Using Apache Spark 1.4.1 I'm unable to use lag or lead when making queries
to a data frame and I'm trying to figure out if I just have a bad setup or
if this is a bug. As for the exceptions I get: when using selectExpr() with
a string as an argument, I get "NoSuchElementException: key not found: lag"
and when using the select method and ...spark.sql.functions.lag I get an
AnalysisException. If I replace lag with abs in the first case, Spark runs
without exception, so none of the other syntax is incorrect.

As for how I'm running it; the code is written in Java with a static method
that takes the SparkContext as an argument which is used to create a
JavaSparkContext which then is used to create an SQLContext which loads a
json file from the local disk and runs those queries on that data frame
object. FYI: the java code is compiled, jared and then pointed to with -cp
when starting the spark shell, so all I do is "Test.run(sc)" in shell.

Let me know what to look for to debug this problem. I'm not sure where to
look to solve this problem.

Thanks,
        Jerry

RE: Is there any external dependencies for lag() and lead() when using data frames?

Posted by Benjamin Ross <br...@Lattice-Engines.com>.
I forgot to mention, my setup was:

-          Spark 1.4.1 running in standalone mode

-          Datastax spark cassandra connector 1.4.0-M1

-          Cassandra DB

-          Scala version 2.10.4


From: Benjamin Ross
Sent: Tuesday, August 11, 2015 10:16 AM
To: Jerry; Michael Armbrust
Cc: user
Subject: RE: Is there any external dependencies for lag() and lead() when using data frames?

Jerry,
I was able to use window functions without the hive thrift server.  HiveContext does not imply that you need the hive thrift server running.
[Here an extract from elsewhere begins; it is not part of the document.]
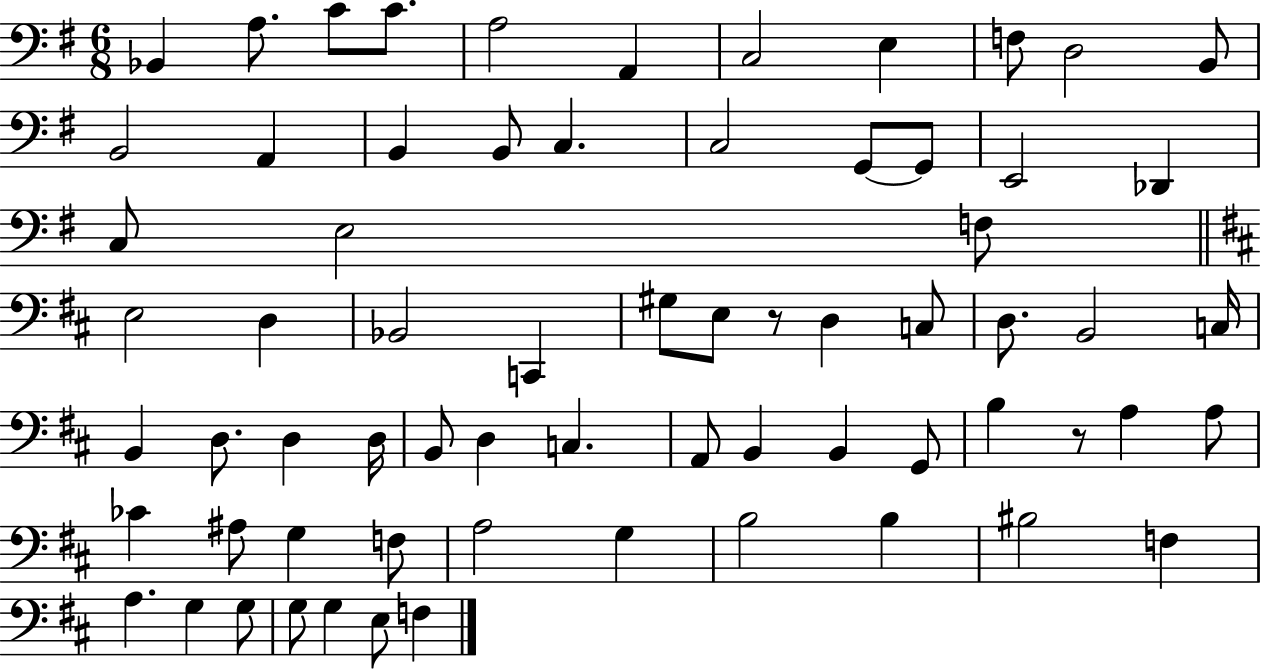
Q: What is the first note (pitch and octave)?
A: Bb2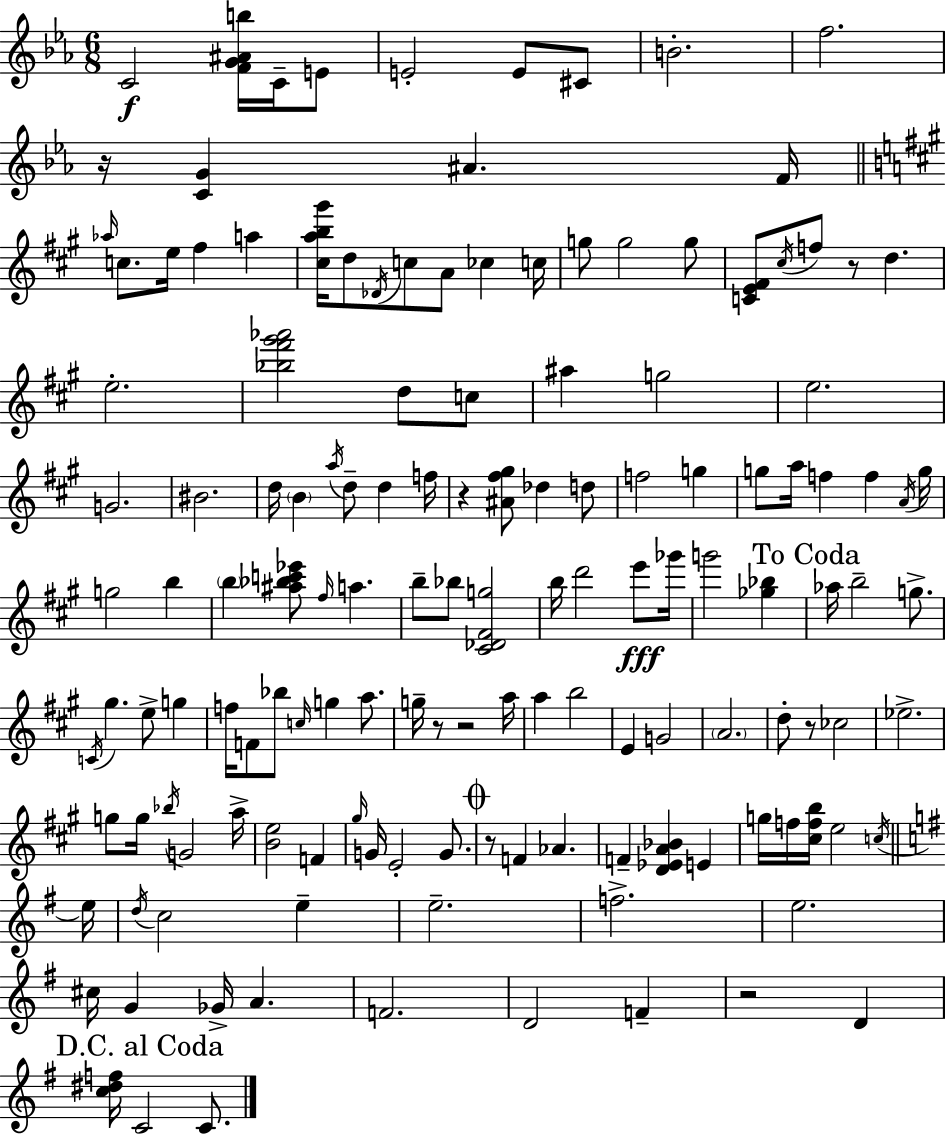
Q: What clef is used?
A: treble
Here’s what I used to test this out:
    var conf = new SparkConf(true).set("spark.cassandra.connection.host", "127.0.0.1")

    val sc = new SparkContext(conf)
    val sqlContext = new HiveContext(sc)
    val df = sqlContext
      .read
      .format("org.apache.spark.sql.cassandra")
      .options(Map( "table" -> "kv", "keyspace" -> "test"))
      .load()
    val w = Window.orderBy("value").rowsBetween(-2, 0)


I then submitted this using spark-submit.



From: Jerry [mailto:jerry.comp@gmail.com]
Sent: Monday, August 10, 2015 10:55 PM
To: Michael Armbrust
Cc: user
Subject: Re: Is there any external dependencies for lag() and lead() when using data frames?

By the way, if Hive is present in the Spark install, does show up in text when you start the spark shell? Any commands I can run to check if it exists? I didn't setup the spark machine that I use, so I don't know what's present or absent.
Thanks,
        Jerry

On Mon, Aug 10, 2015 at 2:38 PM, Jerry <je...@gmail.com>> wrote:
Thanks...   looks like I now hit that bug about HiveMetaStoreClient as I now get the message about being unable to instantiate it. On a side note, does anyone know where hive-site.xml is typically located?
Thanks,
        Jerry

On Mon, Aug 10, 2015 at 2:03 PM, Michael Armbrust <mi...@databricks.com>> wrote:
You will need to use a HiveContext for window functions to work.

On Mon, Aug 10, 2015 at 1:26 PM, Jerry <je...@gmail.com>> wrote:
Hello,
Using Apache Spark 1.4.1 I'm unable to use lag or lead when making queries to a data frame and I'm trying to figure out if I just have a bad setup or if this is a bug. As for the exceptions I get: when using selectExpr() with a string as an argument, I get "NoSuchElementException: key not found: lag" and when using the select method and ...spark.sql.functions.lag I get an AnalysisException. If I replace lag with abs in the first case, Spark runs without exception, so none of the other syntax is incorrect.
As for how I'm running it; the code is written in Java with a static method that takes the SparkContext as an argument which is used to create a JavaSparkContext which then is used to create an SQLContext which loads a json file from the local disk and runs those queries on that data frame object. FYI: the java code is compiled, jared and then pointed to with -cp when starting the spark shell, so all I do is "Test.run(sc)" in shell.
Let me know what to look for to debug this problem. I'm not sure where to look to solve this problem.
Thanks,
        Jerry




RE: Is there any external dependencies for lag() and lead() when using data frames?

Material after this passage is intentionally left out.